[Short descriptive text snippets]
+ + + +
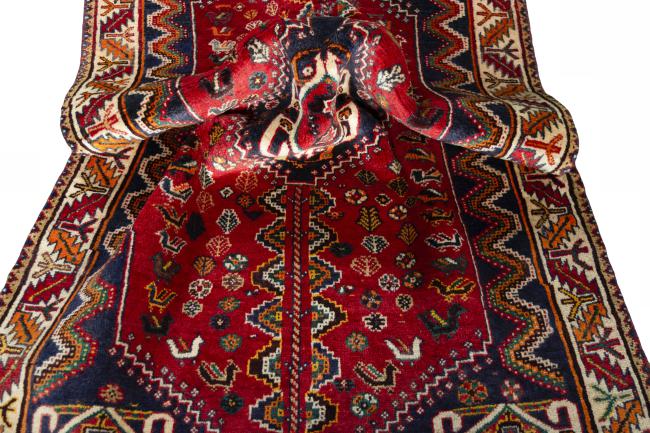 Shiraz - 9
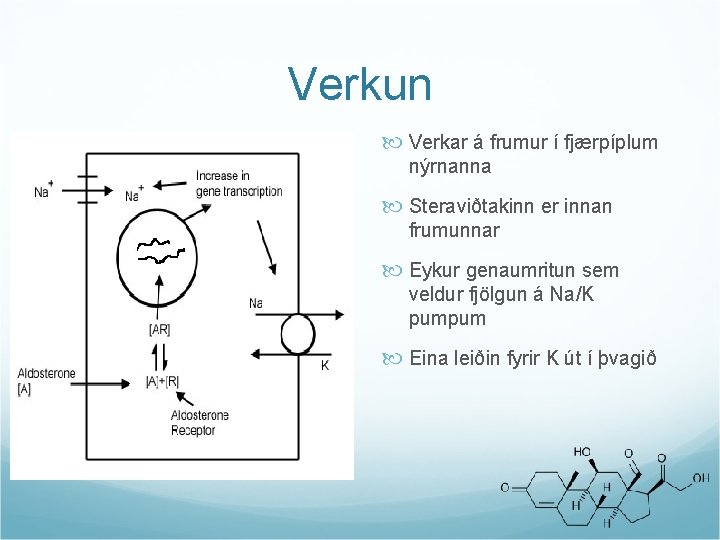 Verkun Verkar á frumur í fjærpíplum nýrnanna Steraviðtakinn er innan frumunnar Eykur genaumritun sem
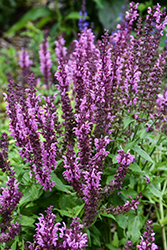 Sallyrosa Jumbo Pink Meadow Sage (Salvia nemorosa 'Sallyrosa Jumbo Pink') at Lakeshore Garden Centres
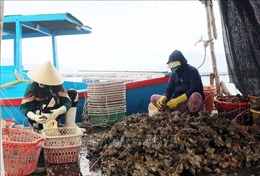 Gia tăng giá trị nuôi trồng thủy sản trên biển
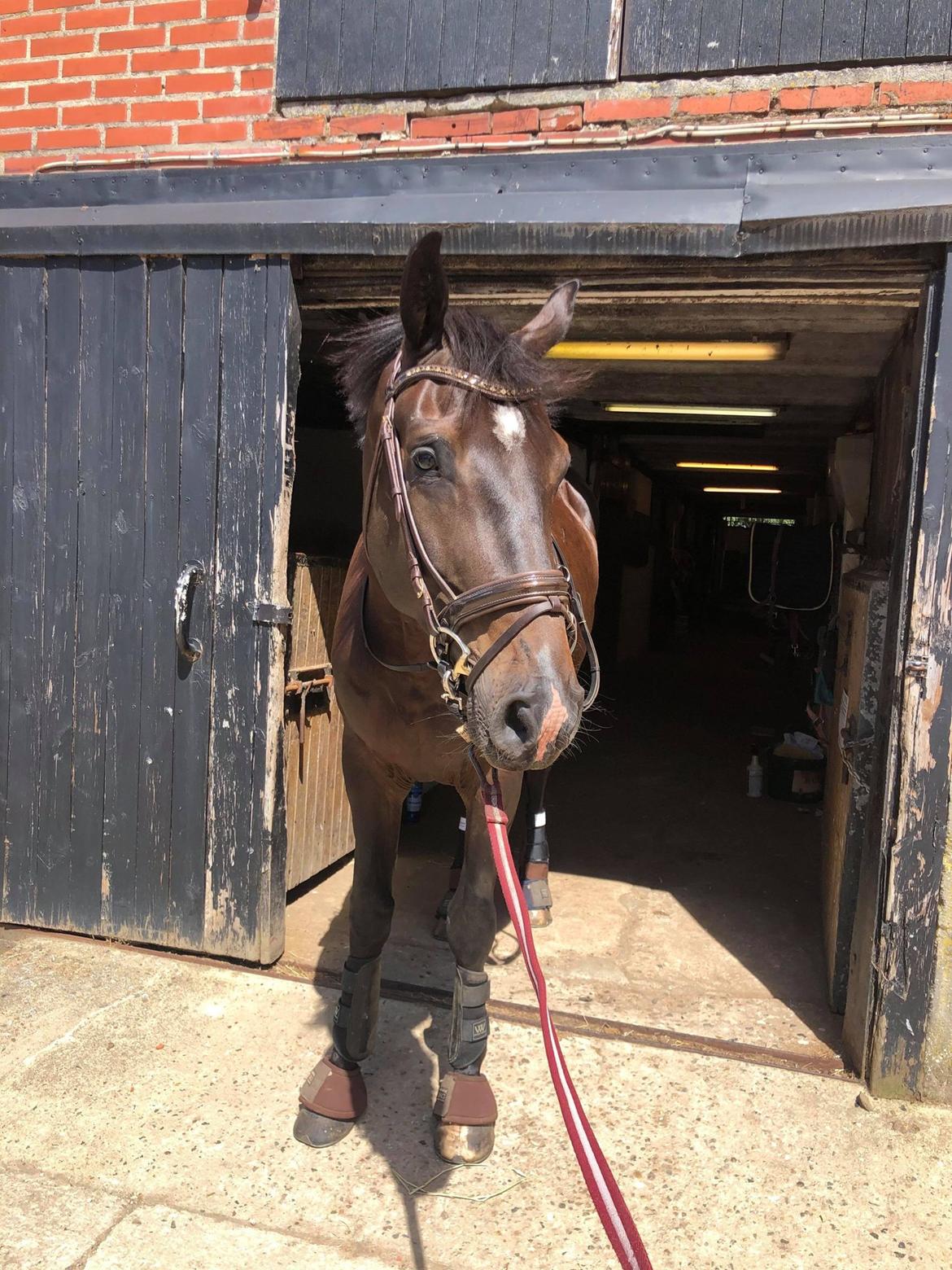 Dansk Varmblod Futures Ellabruus billede 5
+ + + +
Please repeat every record exactly, leaving the pictures out.

 Shiraz - 9
 Verkun Verkar á frumur í fjærpíplum nýrnanna Steraviðtakinn er innan frumunnar Eykur genaumritun sem
 Sallyrosa Jumbo Pink Meadow Sage (Salvia nemorosa 'Sallyrosa Jumbo Pink') at Lakeshore Garden Centres
 Gia tăng giá trị nuôi trồng thủy sản trên biển
 Dansk Varmblod Futures Ellabruus billede 5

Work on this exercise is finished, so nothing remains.